The number that makes Coffee Circle's model concrete: for every kilogram of coffee sold, €1 flows to Coffee Circle Foundation e.V., the company's nonprofit arm that funds community-led projects at origin. That structure, not a vague sustainability pledge, is a core reason the Specialty Coffee Association named the Berlin-based roaster its 2026 for-profit Sustainability Award winner on March 30.

The SCA simultaneously named Bean Voyage, a Costa Rica-based nonprofit co-founded in 2016 by SungHee Tark and Abhinav Khanal, as its non-profit category winner. Together, the two organizations illustrate what the SCA's restructured award program, now with separate for-profit and non-profit categories, is explicitly designed to surface: measurable, replicable models rather than aspirational commitments.

Coffee Circle, founded in 2010, pairs above-market pricing and long-term producer relationships with digital traceability that makes price flows visible across the supply chain. Over 15 years, that per-kilo mechanic has translated to more than €5 million invested in coffee-growing regions, funding clean water access, food security programs, reforestation, and climate resilience work. This is also the company's second SCA recognition: its Jimma Agro-Biodiversity Project in Ethiopia won in the "project" category in 2022, making the 2026 for-profit award a validation of the full business model rather than a single initiative.

Bean Voyage targets a structural problem in supply chain equity. Women perform an estimated 50 to 70 percent of labor in coffee production but have historically been cut out of the income and market relationships that flow from it.
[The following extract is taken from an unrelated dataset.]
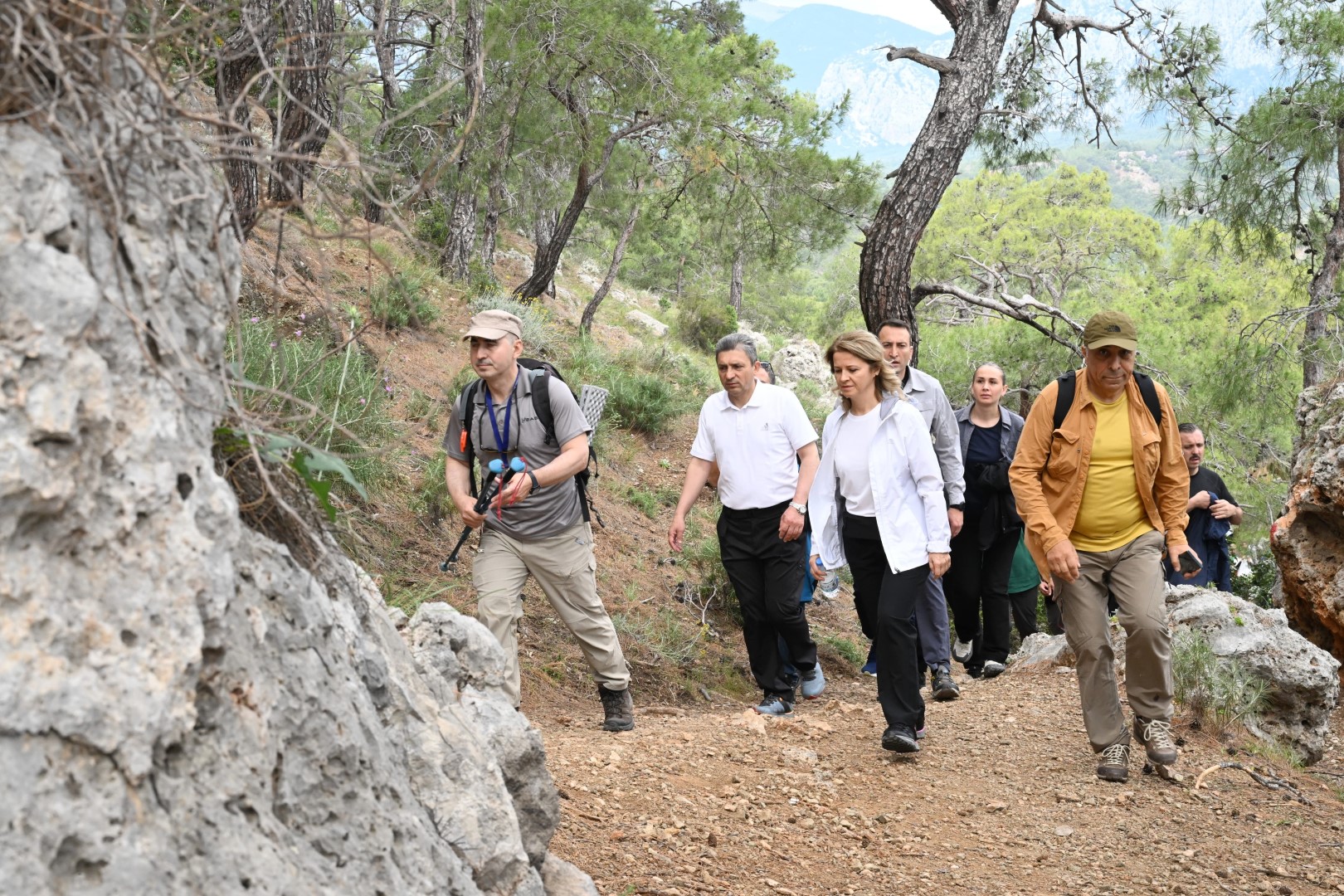 Yürüyüş Rotaları (1)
Tark and Khanal built Bean Voyage to close that gap directly: the organization has connected more than 1,300 women smallholder producers to markets, generating more than $1.4 million in direct income alongside $800,000 in seed grants and support programs. "By connecting smallholder women coffee producers directly to markets, we help ensure that a group often excluded from these spaces is not only visible, but meaningfully included," Tark said.

AI-generated illustration
AI-generated illustration

For roasters and importers evaluating sourcing partners, Coffee Circle's per-kilo reinvestment rate and Bean Voyage's income generation figures are exactly the kind of documented proof points the SCA's evaluation criteria, which include measurable outcomes, governance, equity, and innovation, were built to validate. The final-stage jury was composed of previous SCA Sustainability Award winners, adding practitioner credibility to the selection process.

Winners will be formally recognized at World of Coffee San Diego, running April 10 through 12, where both organizations are expected to share learnings with the wider specialty community. When other brands claim comparable impact, the Coffee Circle and Bean Voyage playbooks now set the floor for what "measurable" actually has to mean: a per-unit reinvestment figure you can audit, and an income number tied to real producer relationships you can count.